XXII. Conclusiones
Es posible encauzar ríos y mover montañas. Más difícil es cambiar el carácter de un hombre.
PROVERBIO CHINO
La combinación de nuestra herencia genética y la programación que tiene lugar a lo largo de nuestro desarrollo intrauterino hace que vengamos al mundo con un cerebro único donde ya están determinados en gran medida nuestros talentos, características y limitaciones. Eso no sólo afecta nuestro CI, al hecho de ser madrugadores o noctámbulos, a nuestro nivel de espiritualidad, a nuestro comportamiento neurótico, psicótico, agresivo, antisocial e inconformista, sino también a la probabilidad de desarrollar enfermedades mentales como la esquizofrenia, el autismo, la depresión y las adicciones. Una vez convertidos en adultos, existen muchas limitaciones para moldear nuestro cerebro y nuestras características ya están fijadas. La estructura de nuestro cerebro que ha ido evolucionando de ese modo determina su función: somos nuestro cerebro.

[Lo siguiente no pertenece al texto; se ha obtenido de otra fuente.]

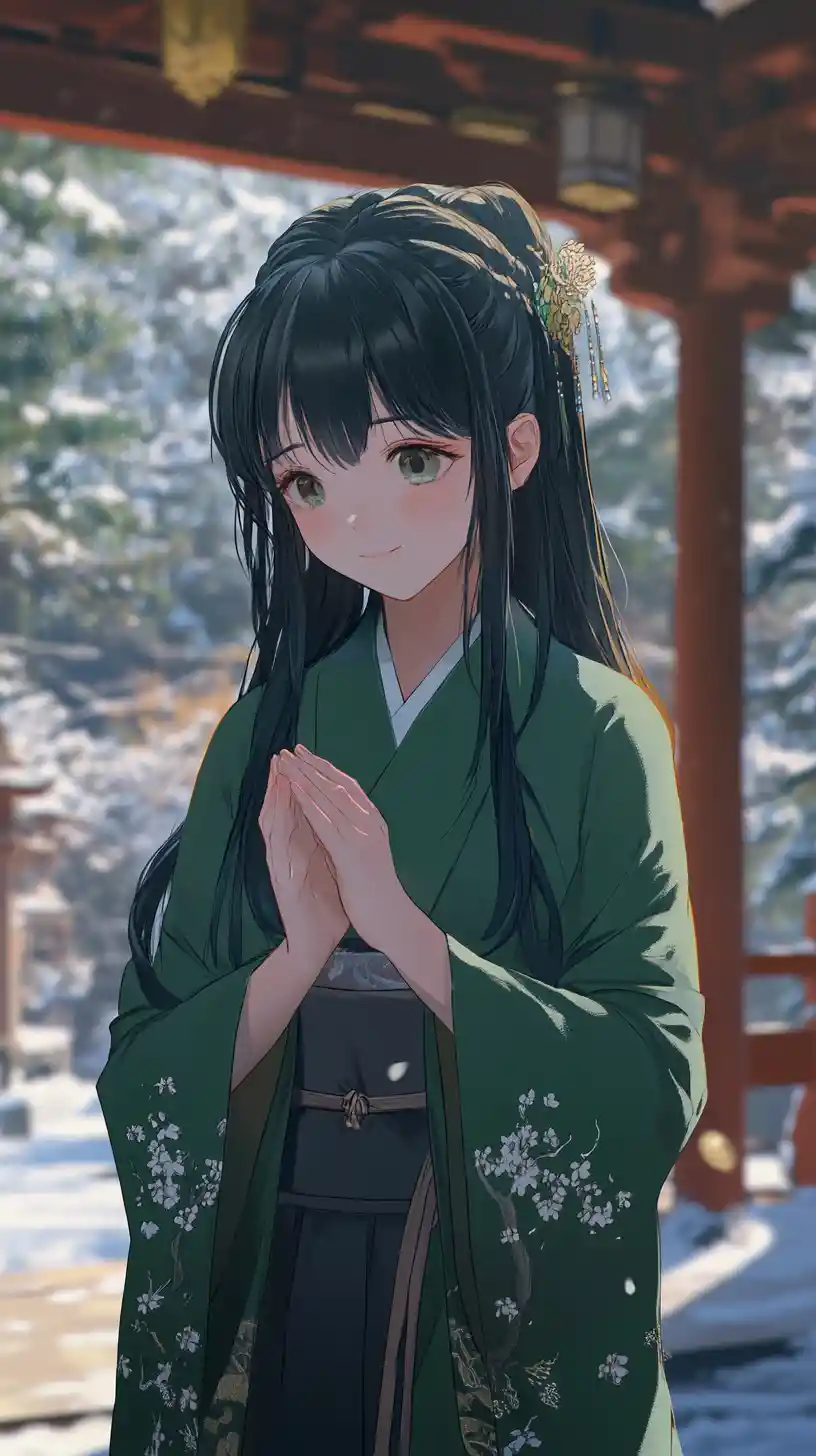 Sad anime girl in a golden dress before a forest temple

A causa de nuestro legado genético y de todos los factores que han ejercido su efecto permanente sobre el temprano desarrollo de nuestro cerebro estamos llenos de «limitaciones internas» y, por lo tanto, no somos libres para decidir cambiar de identidad de género, de orientación sexual, el nivel de agresividad, el carácter, la religión o la lengua materna. No se trata de un concepto nuevo, ahí me hallo en buena compañía. Spinoza ya lo defendió en su Ética (parte III, proposición 2): «Así el niño cree que le apetece libremente la leche, el muchacho irritado, que quiere libremente la venganza, y el tímido, la fuga. […] Y asimismo el que delira, la charlatana, el niño y otros muchos de esta laya creen hablar por libre decisión del alma, siendo así que no pueden reprimir el impulso que les hace hablar». Esas características no pueden cambiarse. Darwin llega a esa misma conclusión en su autobiografía, donde afirma: «[…] que la educación y el entorno producen un pequeño efecto sobre la mente de cualquiera, y que la mayoría de nuestras cualidades son innatas».
Esa visión contrasta con la creencia de los años sesenta y setenta del siglo pasado en la posibilidad de moldear el mundo. Las diferencias sexuales que se manifiestan en el comportamiento se atribuían entonces a la sociedad machista imperante, y al hecho de que las mujeres tuviesen el doble de probabilidades de padecer depresiones se explicaba porque tenían una vida más dura. Dado que era el entorno social el que causaba esos problemas, había esperanzas de poder cambiarlos. Pero la fe en el progreso y la importancia que se atribuía al entorno social en ese período también tenía su lado oscuro. Si algo iba mal, las culpas solían recaer en la educación y sobre todo en las madres. Una madre dominante era la responsable de la homosexualidad de su hijo, una madre fría tenía un hijo autista y los mensajes contradictorios podían provocar la esquizofrenia en el niño, que «debía ser salvado de las garras de esa familia perniciosa». Los transexuales eran psicóticos, la criminalidad se debía a las malas influencias, las modelos delgadas desataban una epidemia de anorexia nerviosa entre las jóvenes, y los abusos y el abandono infantil causaban trastornos límite de la personalidad. Hoy en día casi ninguna de esas ideas ha quedado en pie.
El hecho de que muchas de nuestras características, posibilidades y limitaciones estén fijadas en nuestro cerebro cuando aún estamos en el útero materno no significa naturalmente que nuestro cerebro esté «acabado» al nacer. Éste sigue desarrollándose en el bebé bajo la influencia de un ambiente cálido, seguro y estimulante, durante el aprendizaje continuo, también de la lengua materna, y por el adoctrinamiento de las creencias religiosas del entorno. Y también en este caso, al igual que en el útero, no se trata del cerebro o del entorno, sino de la estrecha interacción entre ambos. Sin embargo, lo esencial es que cuanto más temprana es la influencia del entorno en el desarrollo cerebral, más fuertes y duraderos son sus efectos; cuanto más desarrollado esté el niño, menos características podrán fijarse aún en su cerebro. El carácter, o sea, nuestros rasgos fijos, van manifestándose cada vez con mayor claridad a lo largo del desarrollo. Es evidente que lo que aprendemos lo vamos almacenando en nuestros sistemas de memoria. Ahí sigue habiendo cierta forma de plasticidad. Por otra parte, después de la primera etapa del desarrollo, la sociedad sigue influyendo en nuestro comportamiento, pero no en nuestro carácter. Los cambios de conducta que psicólogos clínicos y psiquiatras logran, a menudo con grandes esfuerzos, no anulan los problemas de carácter fruto de nuestro temprano desarrollo. No en vano el término «carácter» significa «inscrito». Sin embargo, esos cambios sí pueden conseguir que las personas con trastornos de personalidad aprendan a sobrellevarlos.